From Union to Empire: Essays in the Jeffersonian Tradition by Clyde N. Wilson (356 pages,
The Foundation for American Education, 2003)
Today’s offering in our Timeless Essay series affords our readers the opportunity to join Publisher W. Winston Elliott III, as he considers a classic collection of essays about the Jeffersonian tradition. —Stephen M. Klugewicz, Editor
“To check power, to return the American empire to republicanism we do not need to resort to the drastic right of revolution nor to the destructive goal of anarchic individualism. We have in the states ready-made instruments. All that is lacking is the will, our goal should be the restoration of the real American Union of sovereign states in place of the upstart empire under which we live.” So concludes Clyde Wilson in the title essay of this very fine book, From Union to Empire: Essays in the Jeffersonian Tradition.
In addition to serving as the editor of The Papers of John C. Calhoun he has written for Modern Age, Chronicles, Intercollegiate Review and Southern Partisan. The collection is broken into seven chapters: Agrarian Conservatism; Jeffersonians; The Lost Constitution; Empire; Imperial Irritations; Cons and Neocons; History and Historians; and Restoring the Republic.

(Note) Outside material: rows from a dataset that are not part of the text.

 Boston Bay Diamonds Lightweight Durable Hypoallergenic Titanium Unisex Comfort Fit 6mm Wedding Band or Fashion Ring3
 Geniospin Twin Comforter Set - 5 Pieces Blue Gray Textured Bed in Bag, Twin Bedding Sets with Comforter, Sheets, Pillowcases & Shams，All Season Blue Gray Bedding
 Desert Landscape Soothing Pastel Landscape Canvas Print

Among the over sixty excellent essays to be found in From Union to Empire I wish to point to three that I would recommend for your particular attention. In the essential opening essay, entitled The Jeffersonian Conservative Tradition, Dr. Wilson attempts to answer the question “what should American conservatism seek to conserve.” In brief his answer is “the federal and constitutional republic bequeathed to us by that unique event, the American Revolution, a “revolution” which was prudential rather than revolutionary…a revolution for life, liberty, and property…a war of national independence waged without mass romantic nationalism.” He describes the essential elements of the conservative American polity as “republicanism, constitutionalism and federalism.” He goes on to propose that “historically, the conservator…of these elements” has been found in the Jeffersonian conservative tradition.

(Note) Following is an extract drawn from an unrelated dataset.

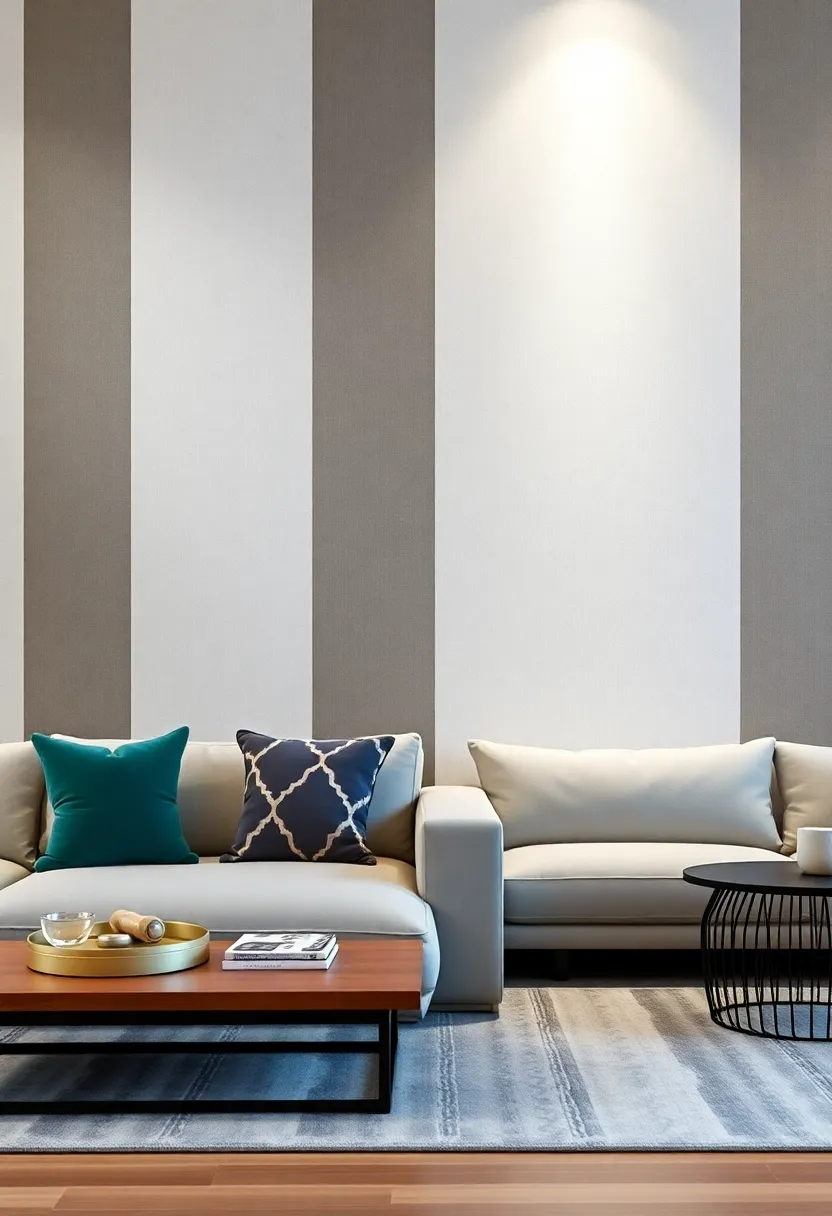 Creating an Enticing focal Point with ⁢Striped Accent ⁢Walls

In Thomas Jefferson, Conservative, Dr. Wilson reviews Dumas Malone’s The Sage of Monticello, the sixth volume of Malone’s magisterial biography of Thomas Jefferson. While praising Malone’s work as “an increasingly rare phenomenon, genuine scholarship” Dr. Wilson’s review focuses the reader on what he sees as indisputable, Thomas Jefferson was a conservative. This essay is a wonderful review of an incredible biographical work. “Dumas Malone has completed a great work–a work that is, like its subject, truthful, harmonious, balanced, fair, decorous, gentlemanly. What a rare thing for an American book in the 20th century, a book by a gentleman about a gentleman.” I last read Jefferson and His Time twenty five years ago. It has been too long. I desire to once again share a fireside with Jefferson and his faithful biographer.
In the final essay, Restoring the Republic, Dr. Wilson once again points us to Jefferson for the principles necessary to restoring the Republic. Dr. Wilson reminds us that “Jefferson’s little revolution now and then is not, then, revolution but reaction. Not a new utopia, but something radically conservative–a radical returning to the roots, to old virtues and old principles…” What is the beginning point for this restorative work according to Dr. Wilson? It is to be found in a principle which is much debated currently: “[I]n the American system this can only happen by the revival of states’ rights, the only true force for limiting power.” Dr. Wilson addresses the reasons for the decay of our Republic and suggests specific policy prescriptions which may bring about a cure. He particularly recommends term limits, a balanced budget amendment and a line item veto and notes that “responsible republican government would do two things in this situation—reduce taxes and retire debt.” Timely advice indeed.
I recommend for your consideration this very worthy collection of compelling essays by a distinguished historian in the Jeffersonian tradition. For as Dr. Wilson makes clear “it may be that this sense of self-determination of free men enjoyed by our Fathers is an impractical goal, not fully realizable in the modern world, but unless we recover it at least as an ideal and a point of reference toward which we direct our collective selves, the American experiment has failed.”
This essay in our series of “Timeless Essays” was first published here in February 2011.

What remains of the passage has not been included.